Non mancò nemmeno chi, adombrando l'ipotesi di una lettura in chiave marcatamente religiosa, additò Pinocchio di sanfedismo o chi scomodò paragoni con l'impianto della Divina Commedia dantesca.
Saltano agli occhi con facilità le aberranti enfatizzazioni e strumentalizzazioni.
Molto più semplicemente, giova non poco tornare alle brevi e forse trascurate note crociane, ove si parla di vie del cuore, di umana debolezza, di dirittura morale, di gratitudine, di commozione, di furberia, di forza morale della bontà.

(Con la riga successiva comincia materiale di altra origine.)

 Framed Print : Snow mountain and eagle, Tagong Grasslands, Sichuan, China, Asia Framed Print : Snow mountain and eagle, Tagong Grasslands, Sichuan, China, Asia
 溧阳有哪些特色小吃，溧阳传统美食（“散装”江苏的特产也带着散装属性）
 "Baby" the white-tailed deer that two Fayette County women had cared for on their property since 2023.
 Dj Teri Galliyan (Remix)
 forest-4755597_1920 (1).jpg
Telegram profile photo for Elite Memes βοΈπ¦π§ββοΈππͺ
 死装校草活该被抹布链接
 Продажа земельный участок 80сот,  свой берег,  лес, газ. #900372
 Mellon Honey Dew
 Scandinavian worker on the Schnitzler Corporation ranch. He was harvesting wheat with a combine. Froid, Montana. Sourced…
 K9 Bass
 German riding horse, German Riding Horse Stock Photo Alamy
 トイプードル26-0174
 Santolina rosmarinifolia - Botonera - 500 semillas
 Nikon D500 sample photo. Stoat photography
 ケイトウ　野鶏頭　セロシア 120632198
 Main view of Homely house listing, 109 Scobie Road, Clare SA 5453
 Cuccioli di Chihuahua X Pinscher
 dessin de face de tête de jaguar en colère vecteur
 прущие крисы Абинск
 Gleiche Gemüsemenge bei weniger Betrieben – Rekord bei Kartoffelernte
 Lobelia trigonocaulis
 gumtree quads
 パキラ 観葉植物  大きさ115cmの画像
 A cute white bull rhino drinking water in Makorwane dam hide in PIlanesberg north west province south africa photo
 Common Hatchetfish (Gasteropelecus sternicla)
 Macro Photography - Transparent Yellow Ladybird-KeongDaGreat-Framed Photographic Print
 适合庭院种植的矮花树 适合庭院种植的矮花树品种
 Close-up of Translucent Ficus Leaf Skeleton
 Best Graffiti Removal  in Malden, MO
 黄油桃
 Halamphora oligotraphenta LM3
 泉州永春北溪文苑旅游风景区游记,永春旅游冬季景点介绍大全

Questo è Pinocchio, senza enfasi assurde, e questo suo affondare le radici nella coscienza popolare è il segreto della sua fortuna, al di là e al di sopra di ogni retorica, nella quale comunque il Collodi non fa mai cadere il burattino, a volte generoso e credulone, spesso falso e bugiardo, sempre e comunque vero.